*PROMPT*. The required output holds only the lines from the one containing "Zara Orange Abstract" through the end of the material below, copied exactly, please, with no pictures.

*THE RECORDS*.
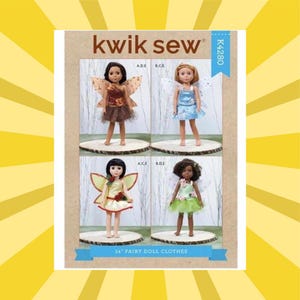 May include: Kwik Sew pattern K4280 for 14 inch fairy doll clothes. The packaging features four dolls wearing various fairy outfits with wings, including a brown dress, a blue dress, a yellow dress, and a green dress, all displayed on circular bases.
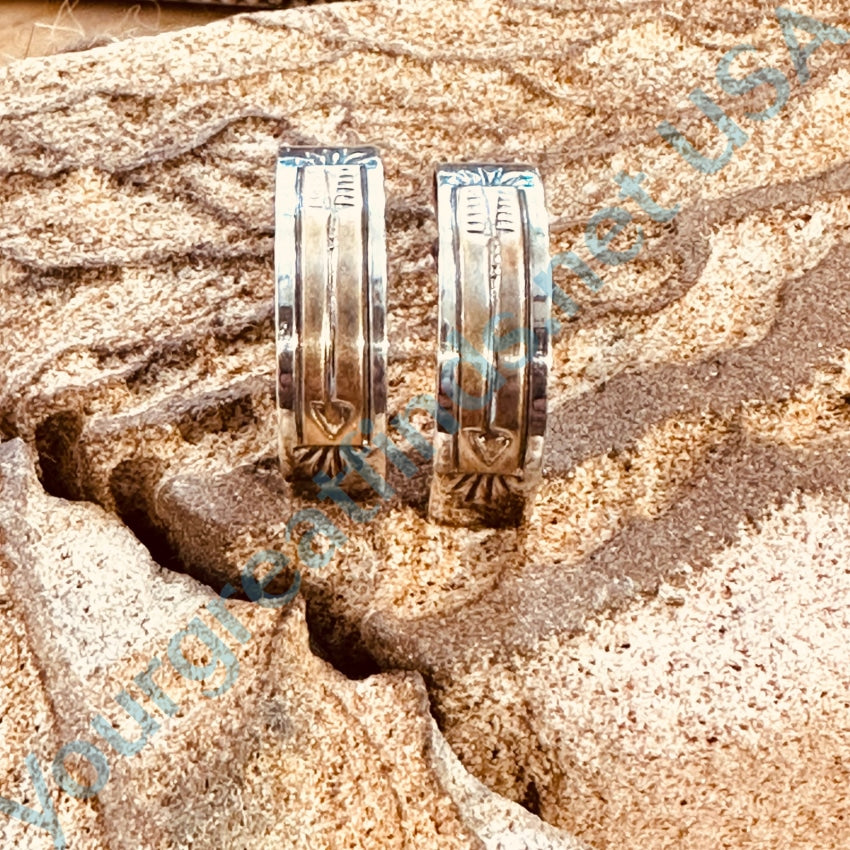 Vintage Navajo 12K Gold Filled Sterling Silver Arrow Hoop Earrings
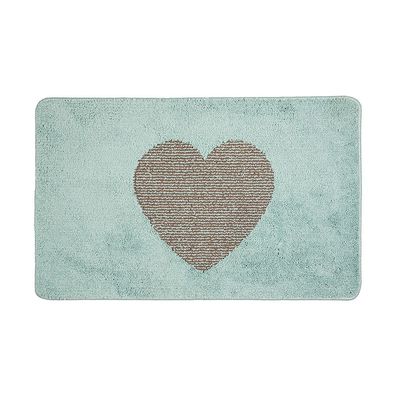 Clayre & Eef Badematte 78x48x1 cm Blau Polyester Herz (Gr. 78x48x1 cm)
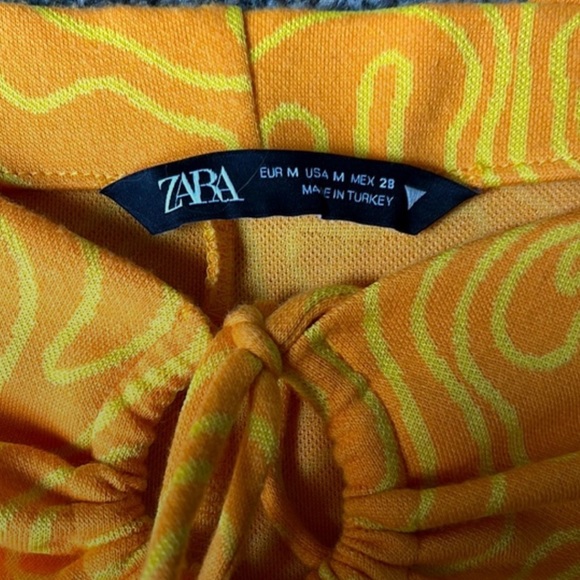 Zara Orange Abstract Printed Cutout Tie Waist Midi Skirt |M| - Picture 7 of 10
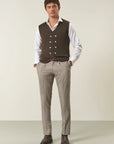 Brown double-breasted wool blend vest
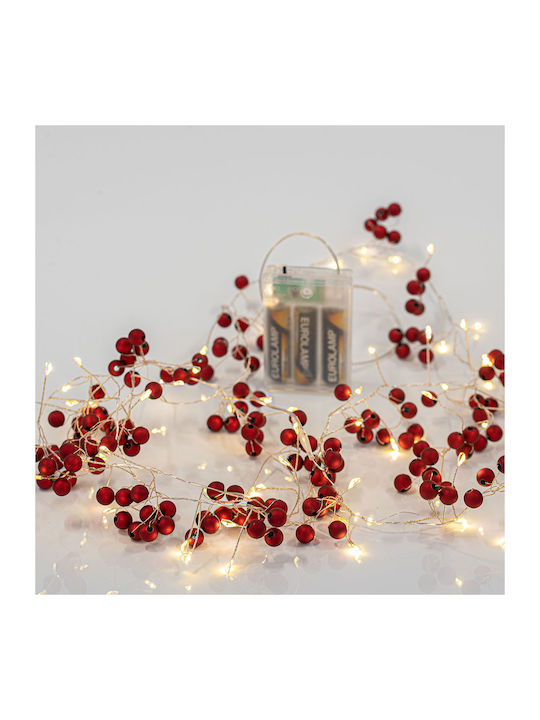 Κόκκινα Berries Weihnachtslichter LED 1.9für eine E-Commerce-Website in der Kategorie 'Weihnachtsbeleuchtung'. Warmes Weiß Batterie vom Typ Zeichenfolge mit Transparentes Kabel Eurolamp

*WRITTEN REPLY*.
 Zara Orange Abstract Printed Cutout Tie Waist Midi Skirt |M| - Picture 7 of 10
 Brown double-breasted wool blend vest
 Κόκκινα Berries Weihnachtslichter LED 1.9für eine E-Commerce-Website in der Kategorie 'Weihnachtsbeleuchtung'. Warmes Weiß Batterie vom Typ Zeichenfolge mit Transparentes Kabel Eurolamp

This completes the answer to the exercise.